Durante mais de 150 anos, um mito persistente moldou a nossa compreensão da evolução humana: a ideia de que os Neandertais eram “primitivos” ou “estúpidos” em comparação com os humanos modernos. Este estigma, enraizado nas primeiras observações anatómicas, sugeria que os nossos antepassados ​​sobreviveram enquanto os Neandertais desapareceram principalmente porque possuíamos cérebros superiores.

No entanto, novas pesquisas estão desmantelando esta narrativa, sugerindo que as diferenças entre os nossos cérebros e os deles podem ser muito menos significativas do que antes acreditávamos.

O legado de um mal-entendido

O preconceito contra os neandertais começou quase assim que seus restos mortais foram descobertos. Em 1857, o anatomista Hermann Schaaffhausen examinou um crânio encontrado no Vale Neander, na Alemanha. Na falta do contexto da biologia evolutiva moderna – Sobre a Origem das Espécies de Charles Darwin só seria publicado nos próximos dois anos -Schaaffhausen caracterizou o crânio como estando em um “baixo estágio de desenvolvimento”.

Esta avaliação inicial criou um “estigma” científico que durou mais de um século. Estabeleceu uma suposição básica de que a biologia neandertal era inerentemente inferior, uma visão que se revelou difícil de abalar, mesmo quando as nossas ferramentas científicas melhoraram.

Novas evidências: comparando volumes cerebrais

Um estudo recente realizado por uma equipe internacional de antropólogos desafiou a ideia de que a estrutura cerebral do Neandertal implica inferioridade cognitiva. Ao comparar imagens cerebrais de populações humanas modernas nos EUA e na China, os investigadores descobriram algo inesperado: as diferenças regionais de volume entre grupos humanos modernos são, na verdade, maiores do que as diferenças entre Neandertais e humanos.

As descobertas dos pesquisadores levantam um ponto lógico crítico:
– Se afirmarmos que pequenas diferenças anatómicas nos Neandertais significam uma falta de inteligência, teríamos logicamente de afirmar que as populações humanas modernas também são cognitivamente diferentes com base nos seus volumes cerebrais.
– No entanto, uma extensa literatura mostra que a anatomia cerebral nos humanos modernos tem uma correlação muito fraca com a capacidade cognitiva real.

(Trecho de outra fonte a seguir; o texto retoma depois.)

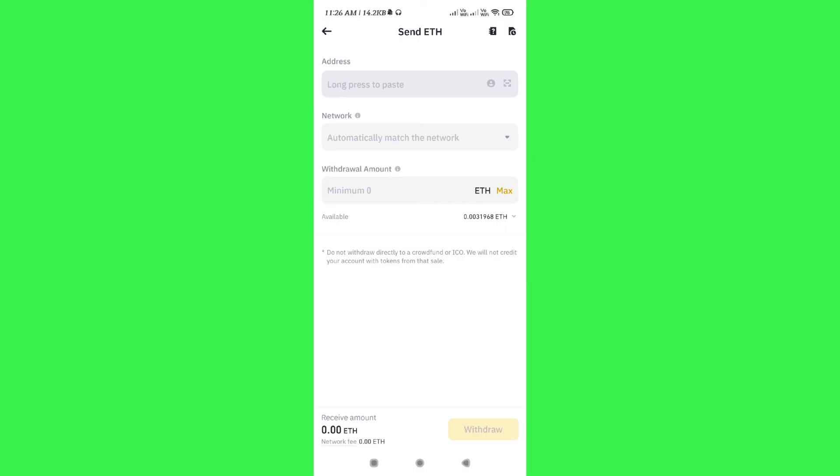And after that, you need to tap on the withdraw button in the bottom right hand corner of the screen. On the next page, you just have to confirm your withdrawal by following further on-screen instructions, and this way you will be able to send or transfer your crypto from Binance to Bitcat wallet.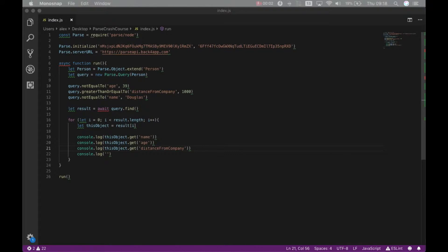Hello again, this is Alex, the architect for Backfrap. Today we will dig deeper into the query of parse.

“Se rejeitarmos a ideia de que essas populações humanas modernas são cognitivamente diferentes de uma forma evolutivamente significativa, isso minaria qualquer argumento de que as diferenças dos Neandertais deveriam ser consideradas assim.”

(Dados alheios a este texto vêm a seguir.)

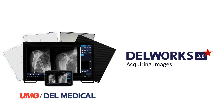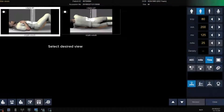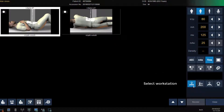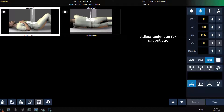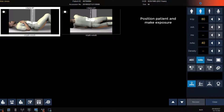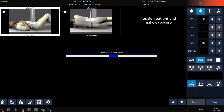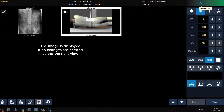Acquiring images from the acquisition screen. We can now click on the view we want to start with first. Verify or modify our workstation. Modify our generator settings if needed for patient size. Position our patient and make our exposure. After a few seconds, the image will be displayed in the small thumbnail. If no changes are needed, you can select the next view and repeat the steps.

Além da Caveira: Prova de Sofisticação

O argumento de que os Neandertais eram “homens das cavernas brutais” é cada vez mais contrariado por evidências arqueológicas. Em vez de serem lentos ou desafiados intelectualmente, os Neandertais demonstraram altos níveis de habilidade técnica e criativa, muitas vezes anteriores a desenvolvimentos semelhantes nos humanos modernos:

  • Tecnologia Avançada: Eles fabricavam ferramentas, criavam cola e produziam substâncias repelentes à água.
  • Medicina e Sobrevivência: Há evidências de que eles fabricavam medicamentos antibacterianos e usavam o fogo de forma eficaz.
  • Arte e Cultura: Eles se dedicavam à arte abstrata e provavelmente costuravam suas próprias roupas.
  • Comunicação: Pistas anatômicas do crânio sugerem que eles podem ter possuído a capacidade de fala semelhante à humana.
  • Fisicalidade: Análises recentes de caixas torácicas e quadris sugerem que eles tinham uma postura ereta, contradizendo a imagem de uma criatura semelhante a um macaco “curvada”.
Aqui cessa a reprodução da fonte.